Alexandre de Moraes, the justice minister, who oversees security, said in an interview that he was pleased with the intelligence work done by Brazil and dozens of other countries cooperating with his country.
“The probability of an act happening in Brazil, at the Olympics, is very small, according to all the international agencies,” he said. Still, he said, a “lone wolf”-style attack is possible.
Most residents seem to worry about more-pedestrian violence, such as the turf wars between rival drug gangs and police that have plagued the city for years. Behind the row of multimillion-dollar beachfront apartments and hotels in Copacabana, the steep hillside is crowded with shanties.
A year before Brazil was awarded the Olympics, police in Rio launched an ambitious program to combat drug trafficking in this and other favelas. The Police Pacifying Units, as they were known, set up bases inside the communities for constant patrolling.

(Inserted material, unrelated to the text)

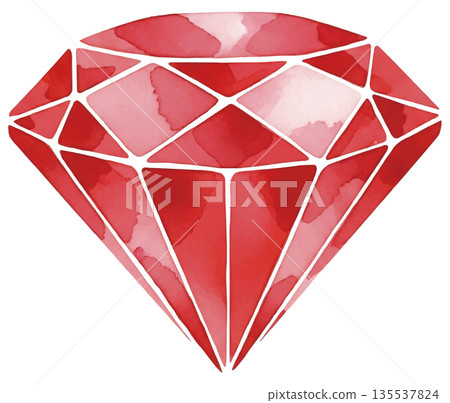 紅寶石的水彩插圖 135537824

David Bispo credits this police presence with paving the way for the success of Bar do David, a restaurant in the favela that has won international attention.
“I got famous and my business succeeded because foreigners and tourists could come,” he said.
But he said that business has fallen off by 70 percent because of the recession and what he calls the recent “violence crisis” in the neighborhood. The police presence has waned with the economic recession, he said, and budget cuts have led to protests and strikes by the force.
With unemployment rising, more people come into his restaurant looking for jobs, but they aren’t available. Food prices for basics such as milk and beans have shot up, said Alexandre Medina, a cook at a community center in the favela. He would have loved to see Olympic soccer in person, but that will remain a fantasy.
“The Games are for those who have money,” he said. “We’re not invited to this party.”